I received a copy of Hope Springs by Kim Tate from Booksneeze in exchange for an honest review.
In a small Southern community where everyone is holding tight to something,
the biggest challenge may be learning to let go.
Hope Springs, North Carolina, is the epitome of small town life—a place
filled with quiet streets where families have been friends for generations, a
place where there’s not a lot of change. Until three women suddenly find
themselves planted there for a season.
Janelle Evans hasn’t gone back to Hope Springs for family reunions since
losing her husband. But when she arrives for Christmas and learns that her
grandmother is gravely ill, she decides to extend the stay. It isn’t long before
she runs into her first love, and feelings that have been dormant for more than
a decade are reawakened. And when Janelle proposes a Bible study a the local
diner--and invites both African American and Caucasian women she has met--the
group quickly forms a spiritual bond . . . and inadvertently adds to underlying
tension in the community.
Becca Anderson is finally on the trajectory she’s longed for. Having been in
the ministry trenches for years, she’s been recruited as the newest speaker of a
large Christian women’s conference. But her husband feels called to become the
pastor of his late father’s church in Hope Springs. Will small town living
affect her big ministry dreams?
And Stephanie London has the ideal life—married to a doctor in St. Louis with
absolutely nothing she has to do. When her cousin Janelle volunteers to stay in
Hope Springs and care for their grandmother, she feels strangely compelled to do
the same. It’s a decision that will forever change her.

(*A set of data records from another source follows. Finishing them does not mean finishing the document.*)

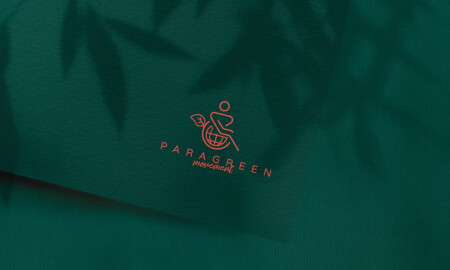 Paragreen Movement logo design by 3TA Design.
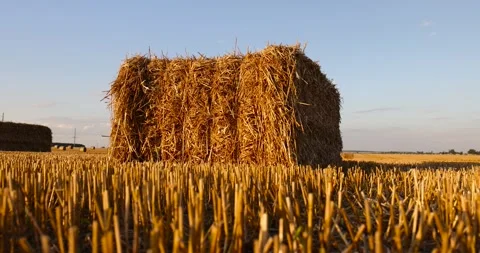 Stacks of golden wheat straw in a field at sunset , rectangular stacks of straw Video stock 294693897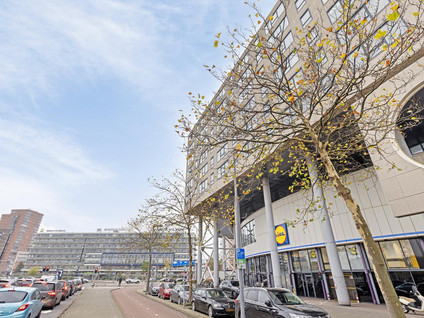 Zuidplein 564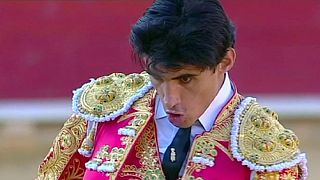 Spagna: torero muore per le ferite in una corrida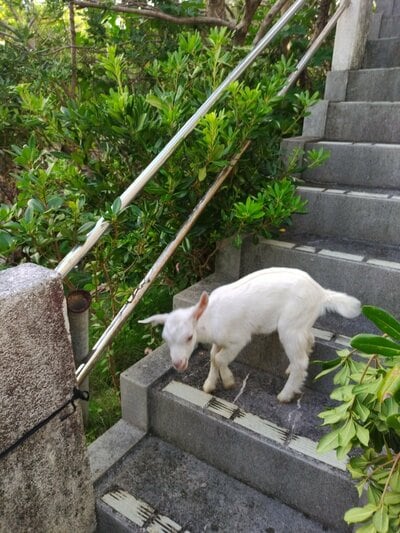 階段をおりるめる丸ちゃん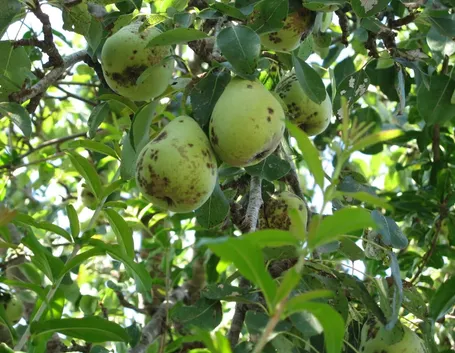 Ticchiolatura sui frutti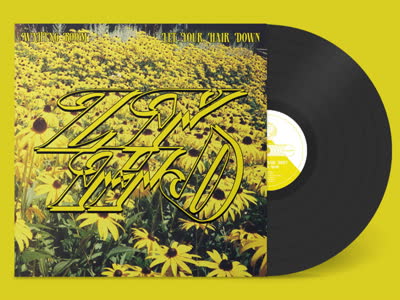 Let Your Hair Down - Waiting Room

As these women come together, facing disappointments both public and private,
they soon recognize that healing is needed in their hearts, their families, and
their churches that have long been divided along racial lines. God's plan for
them in Hope Springs—and for Hope Springs itself—is bigger than they ever
imagined.
I'm not a big fiction reader but this was a good book. It showed how God can work in many different people's lives. The women all learned to follow God's calling for each of them and the town was a much better place because of it.